Production runs are usually longer than the previous simulations. For this reason, it is preferable to save the coordinates in a less memory-consuming trajectory file format (xtc instead of trr).

This is specified in the “Output control” section.

1
2
3
4
5
6
7
8
; Output control
nstxout                 = 0         ; suppress bulky .trr file by specifying 
nstvout                 = 0         ; 0 for output frequency of nstxout,
nstfout                 = 0         ; nstvout, and nstfout
nstenergy               = 5000      ; save energies every 10.0 ps
nstlog                  = 5000      ; update log file every 10.0 ps
nstxout-compressed      = 5000      ; save compressed coordinates every 10.0 ps
compressed-x-grps       = System    ; save the whole system

The output parameters that we previously saw (nstxout, nstvout) are all set to zero.
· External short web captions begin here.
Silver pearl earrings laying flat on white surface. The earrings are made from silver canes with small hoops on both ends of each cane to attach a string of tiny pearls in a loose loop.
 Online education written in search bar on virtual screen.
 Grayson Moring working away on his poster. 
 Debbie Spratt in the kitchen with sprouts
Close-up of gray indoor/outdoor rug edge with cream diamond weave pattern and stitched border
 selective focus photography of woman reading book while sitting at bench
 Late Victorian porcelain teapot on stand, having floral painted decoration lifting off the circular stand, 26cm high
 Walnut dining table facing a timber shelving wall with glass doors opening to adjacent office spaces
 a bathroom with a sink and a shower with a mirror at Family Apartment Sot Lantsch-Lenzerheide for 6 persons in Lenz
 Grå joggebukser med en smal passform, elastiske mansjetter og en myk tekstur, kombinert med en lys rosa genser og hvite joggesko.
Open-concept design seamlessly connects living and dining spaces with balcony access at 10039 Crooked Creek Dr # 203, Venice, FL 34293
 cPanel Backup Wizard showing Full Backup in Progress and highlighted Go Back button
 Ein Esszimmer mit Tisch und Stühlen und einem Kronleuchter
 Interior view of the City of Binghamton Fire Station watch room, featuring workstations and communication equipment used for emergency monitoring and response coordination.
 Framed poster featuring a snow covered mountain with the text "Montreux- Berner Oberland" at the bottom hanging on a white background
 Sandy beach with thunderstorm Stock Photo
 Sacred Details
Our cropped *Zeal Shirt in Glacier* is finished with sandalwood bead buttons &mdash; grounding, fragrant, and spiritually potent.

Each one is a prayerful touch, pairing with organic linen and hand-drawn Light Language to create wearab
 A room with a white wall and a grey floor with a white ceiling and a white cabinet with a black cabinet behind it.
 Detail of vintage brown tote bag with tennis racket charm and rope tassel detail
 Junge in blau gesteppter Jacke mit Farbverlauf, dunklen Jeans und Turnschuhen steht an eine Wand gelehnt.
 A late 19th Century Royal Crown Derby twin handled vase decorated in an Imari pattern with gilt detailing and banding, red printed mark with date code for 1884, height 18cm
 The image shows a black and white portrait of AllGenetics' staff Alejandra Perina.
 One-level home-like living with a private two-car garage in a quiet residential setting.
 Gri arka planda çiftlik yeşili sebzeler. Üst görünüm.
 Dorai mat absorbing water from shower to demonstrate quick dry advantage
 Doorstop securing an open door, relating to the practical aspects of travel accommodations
We write the coordinated in the xtc file every 5000 steps (nstxout-compressed=5000). We also need to specify that we want to save the whole system by passing the compressed-x-grps=System parameter. You can also decide to only save the protein (compressed-x-grps=Protein).

Note
We don’t have the define=-DPOSRES line as we don’t need position restraints on the protein anymore.